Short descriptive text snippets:
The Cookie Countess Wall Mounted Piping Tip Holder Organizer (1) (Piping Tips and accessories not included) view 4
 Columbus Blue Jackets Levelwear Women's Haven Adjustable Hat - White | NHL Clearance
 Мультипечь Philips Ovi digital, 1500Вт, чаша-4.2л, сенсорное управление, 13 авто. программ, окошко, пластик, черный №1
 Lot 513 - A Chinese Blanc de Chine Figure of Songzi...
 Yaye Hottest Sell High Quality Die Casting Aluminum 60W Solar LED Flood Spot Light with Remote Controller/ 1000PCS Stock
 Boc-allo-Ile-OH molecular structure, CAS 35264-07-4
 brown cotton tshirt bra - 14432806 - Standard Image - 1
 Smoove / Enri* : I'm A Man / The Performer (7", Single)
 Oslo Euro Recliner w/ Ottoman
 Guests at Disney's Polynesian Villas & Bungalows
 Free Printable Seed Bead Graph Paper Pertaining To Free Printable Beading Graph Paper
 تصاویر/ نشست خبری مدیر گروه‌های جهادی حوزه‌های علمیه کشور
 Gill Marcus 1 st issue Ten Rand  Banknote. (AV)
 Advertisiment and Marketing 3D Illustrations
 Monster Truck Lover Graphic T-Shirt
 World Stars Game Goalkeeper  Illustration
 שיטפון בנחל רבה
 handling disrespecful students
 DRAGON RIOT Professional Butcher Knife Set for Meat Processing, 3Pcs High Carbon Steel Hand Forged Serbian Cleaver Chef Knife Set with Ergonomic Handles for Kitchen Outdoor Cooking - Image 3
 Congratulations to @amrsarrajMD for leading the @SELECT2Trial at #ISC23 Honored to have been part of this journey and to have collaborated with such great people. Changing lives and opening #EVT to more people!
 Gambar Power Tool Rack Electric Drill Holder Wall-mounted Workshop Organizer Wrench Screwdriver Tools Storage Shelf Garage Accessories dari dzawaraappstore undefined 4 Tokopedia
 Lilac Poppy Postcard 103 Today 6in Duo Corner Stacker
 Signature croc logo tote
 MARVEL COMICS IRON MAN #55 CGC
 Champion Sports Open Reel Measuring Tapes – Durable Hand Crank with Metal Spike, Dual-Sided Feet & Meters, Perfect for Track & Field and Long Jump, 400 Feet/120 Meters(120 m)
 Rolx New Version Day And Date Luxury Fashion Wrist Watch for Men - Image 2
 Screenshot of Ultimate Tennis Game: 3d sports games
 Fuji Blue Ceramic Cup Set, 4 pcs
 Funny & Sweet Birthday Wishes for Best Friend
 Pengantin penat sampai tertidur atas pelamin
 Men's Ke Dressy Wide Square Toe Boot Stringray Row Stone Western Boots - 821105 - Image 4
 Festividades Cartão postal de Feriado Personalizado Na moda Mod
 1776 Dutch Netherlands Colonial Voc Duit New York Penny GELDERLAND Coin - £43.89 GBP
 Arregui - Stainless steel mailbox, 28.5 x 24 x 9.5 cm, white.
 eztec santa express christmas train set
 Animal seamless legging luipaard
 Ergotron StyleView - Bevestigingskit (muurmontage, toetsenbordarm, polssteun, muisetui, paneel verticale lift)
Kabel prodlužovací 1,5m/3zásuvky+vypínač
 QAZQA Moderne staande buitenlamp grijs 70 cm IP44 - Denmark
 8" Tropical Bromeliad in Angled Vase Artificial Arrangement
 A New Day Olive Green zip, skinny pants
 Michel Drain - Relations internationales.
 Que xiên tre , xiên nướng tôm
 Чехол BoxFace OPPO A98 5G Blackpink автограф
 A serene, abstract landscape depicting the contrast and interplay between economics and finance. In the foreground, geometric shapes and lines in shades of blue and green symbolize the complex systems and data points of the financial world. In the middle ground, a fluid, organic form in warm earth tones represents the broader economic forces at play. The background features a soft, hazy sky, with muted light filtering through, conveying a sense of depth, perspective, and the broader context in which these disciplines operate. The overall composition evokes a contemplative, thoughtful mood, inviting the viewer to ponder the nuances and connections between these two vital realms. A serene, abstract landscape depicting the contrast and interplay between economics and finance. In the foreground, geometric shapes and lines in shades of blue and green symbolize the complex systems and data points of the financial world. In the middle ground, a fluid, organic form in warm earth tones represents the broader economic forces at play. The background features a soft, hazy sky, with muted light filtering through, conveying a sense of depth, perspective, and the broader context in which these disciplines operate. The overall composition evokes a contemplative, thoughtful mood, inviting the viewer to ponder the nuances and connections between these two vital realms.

_Work to be completed:_ Faithfully reproduce all of the records, character for character.

_Solved exercise:_
The Cookie Countess Wall Mounted Piping Tip Holder Organizer (1) (Piping Tips and accessories not included) view 4
 Columbus Blue Jackets Levelwear Women's Haven Adjustable Hat - White | NHL Clearance
 Мультипечь Philips Ovi digital, 1500Вт, чаша-4.2л, сенсорное управление, 13 авто. программ, окошко, пластик, черный №1
 Lot 513 - A Chinese Blanc de Chine Figure of Songzi...
 Yaye Hottest Sell High Quality Die Casting Aluminum 60W Solar LED Flood Spot Light with Remote Controller/ 1000PCS Stock
 Boc-allo-Ile-OH molecular structure, CAS 35264-07-4
 brown cotton tshirt bra - 14432806 - Standard Image - 1
 Smoove / Enri* : I'm A Man / The Performer (7", Single)
 Oslo Euro Recliner w/ Ottoman
 Guests at Disney's Polynesian Villas & Bungalows
 Free Printable Seed Bead Graph Paper Pertaining To Free Printable Beading Graph Paper
 تصاویر/ نشست خبری مدیر گروه‌های جهادی حوزه‌های علمیه کشور
 Gill Marcus 1 st issue Ten Rand  Banknote. (AV)
 Advertisiment and Marketing 3D Illustrations
 Monster Truck Lover Graphic T-Shirt
 World Stars Game Goalkeeper  Illustration
 שיטפון בנחל רבה
 handling disrespecful students
 DRAGON RIOT Professional Butcher Knife Set for Meat Processing, 3Pcs High Carbon Steel Hand Forged Serbian Cleaver Chef Knife Set with Ergonomic Handles for Kitchen Outdoor Cooking - Image 3
 Congratulations to @amrsarrajMD for leading the @SELECT2Trial at #ISC23 Honored to have been part of this journey and to have collaborated with such great people. Changing lives and opening #EVT to more people!
 Gambar Power Tool Rack Electric Drill Holder Wall-mounted Workshop Organizer Wrench Screwdriver Tools Storage Shelf Garage Accessories dari dzawaraappstore undefined 4 Tokopedia
 Lilac Poppy Postcard 103 Today 6in Duo Corner Stacker
 Signature croc logo tote
 MARVEL COMICS IRON MAN #55 CGC
 Champion Sports Open Reel Measuring Tapes – Durable Hand Crank with Metal Spike, Dual-Sided Feet & Meters, Perfect for Track & Field and Long Jump, 400 Feet/120 Meters(120 m)
 Rolx New Version Day And Date Luxury Fashion Wrist Watch for Men - Image 2
 Screenshot of Ultimate Tennis Game: 3d sports games
 Fuji Blue Ceramic Cup Set, 4 pcs
 Funny & Sweet Birthday Wishes for Best Friend
 Pengantin penat sampai tertidur atas pelamin
 Men's Ke Dressy Wide Square Toe Boot Stringray Row Stone Western Boots - 821105 - Image 4
 Festividades Cartão postal de Feriado Personalizado Na moda Mod
 1776 Dutch Netherlands Colonial Voc Duit New York Penny GELDERLAND Coin - £43.89 GBP
 Arregui - Stainless steel mailbox, 28.5 x 24 x 9.5 cm, white.
 eztec santa express christmas train set
 Animal seamless legging luipaard
 Ergotron StyleView - Bevestigingskit (muurmontage, toetsenbordarm, polssteun, muisetui, paneel verticale lift)
Kabel prodlužovací 1,5m/3zásuvky+vypínač
 QAZQA Moderne staande buitenlamp grijs 70 cm IP44 - Denmark
 8" Tropical Bromeliad in Angled Vase Artificial Arrangement
 A New Day Olive Green zip, skinny pants
 Michel Drain - Relations internationales.
 Que xiên tre , xiên nướng tôm
 Чехол BoxFace OPPO A98 5G Blackpink автограф
 A serene, abstract landscape depicting the contrast and interplay between economics and finance. In the foreground, geometric shapes and lines in shades of blue and green symbolize the complex systems and data points of the financial world. In the middle ground, a fluid, organic form in warm earth tones represents the broader economic forces at play. The background features a soft, hazy sky, with muted light filtering through, conveying a sense of depth, perspective, and the broader context in which these disciplines operate. The overall composition evokes a contemplative, thoughtful mood, inviting the viewer to ponder the nuances and connections between these two vital realms. A serene, abstract landscape depicting the contrast and interplay between economics and finance. In the foreground, geometric shapes and lines in shades of blue and green symbolize the complex systems and data points of the financial world. In the middle ground, a fluid, organic form in warm earth tones represents the broader economic forces at play. The background features a soft, hazy sky, with muted light filtering through, conveying a sense of depth, perspective, and the broader context in which these disciplines operate. The overall composition evokes a contemplative, thoughtful mood, inviting the viewer to ponder the nuances and connections between these two vital realms.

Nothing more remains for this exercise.